Search code examples
pythonpython-3.xnosql

Efficient way to set up a persistent read-only dictionary with many keys but simple values


I have roughly 100k (fairly short) unicode strings and for each of them a corresponding integer.

I need to store them in a dicionary-like persistent object that will be then accessed only for reading.

I'm looking for a solution that doesn't fill the ram loading the whole structure and not too much greedy of space on disk.

I already tried dbm and shelve, but I got a resulting file of 30Mb+.

I'm sure there are tools which fits better on this specific case, so any pointers (for both python2 or python3) are welcome.


Solution

  • Index
    You may want to build an index.

    The database is a file with each string in a line(or other dividing character)and the number at the end of the line.

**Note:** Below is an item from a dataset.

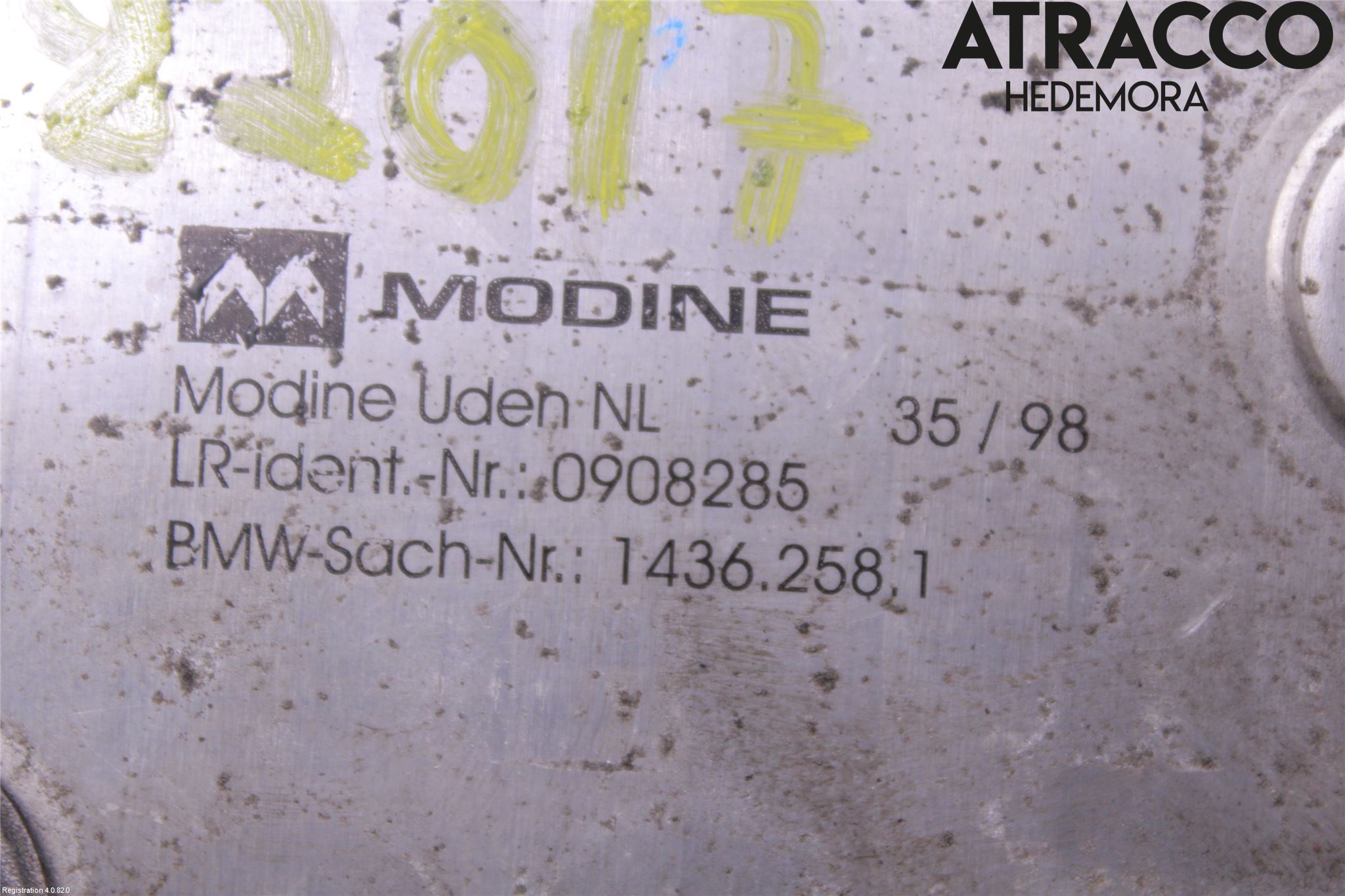 BMW 3 E46      98-05 Radiator Oljekjøler Motor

The strings are sorted. You can do binary search. You can use merge sort to build the structure. Merge two index files into one.

    The cost:

    O(n*log(n)) writes of each mapping during the creation
    O(log(n)) lookups during search (lots of searches take long on a spinning disk)
    O(max_string_length) memory usage

    We built such a thing in Java for a Search Engine Seminar. It can grow to gigabytes and still answer fast. In this context it is called an inverted index.

    directory structure
    You can create a directory for the string and in this directory a string with the number as its name. If you are lucky, it will not take 4kb for each entry. I do not know.